### WHAT THE TASK ASKS
Transcribe the listing in full, word for word; pictures do not belong in the copy.

(AVAILABLE DATA)

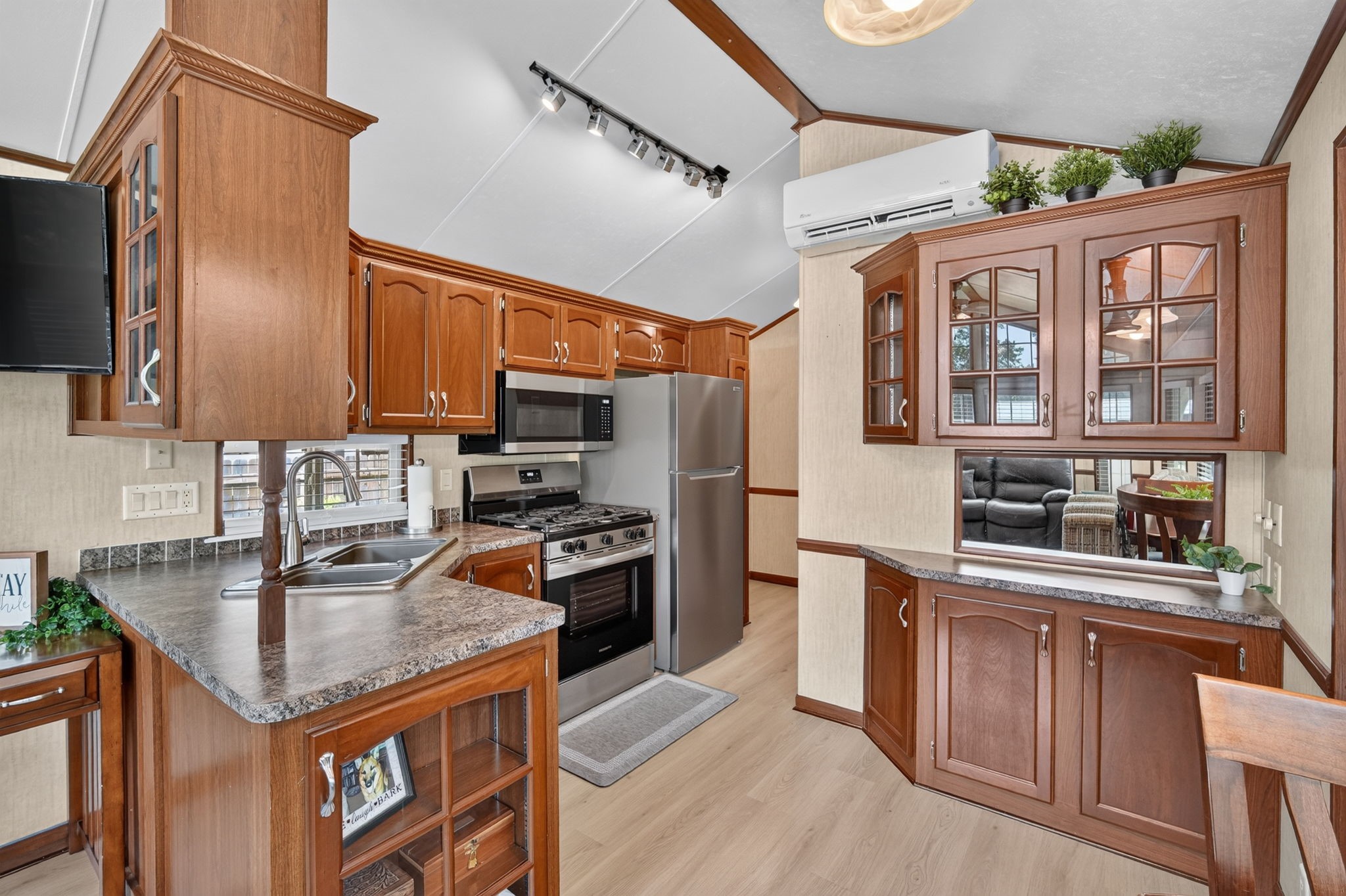 2518 Wagon Road Property Photo 8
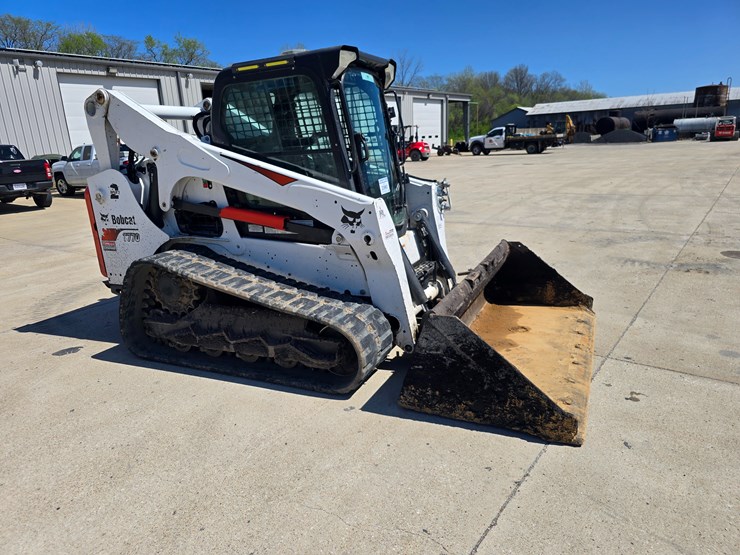 2020-bobcat-t770-image-14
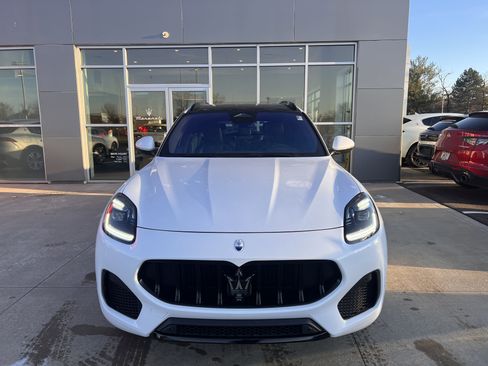 Used 2023 Maserati Grecale Modena image 3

(End AVAILABLE DATA)

### ANSWER TO THE EXERCISE
 2518 Wagon Road Property Photo 8
 2020-bobcat-t770-image-14
 Used 2023 Maserati Grecale Modena image 3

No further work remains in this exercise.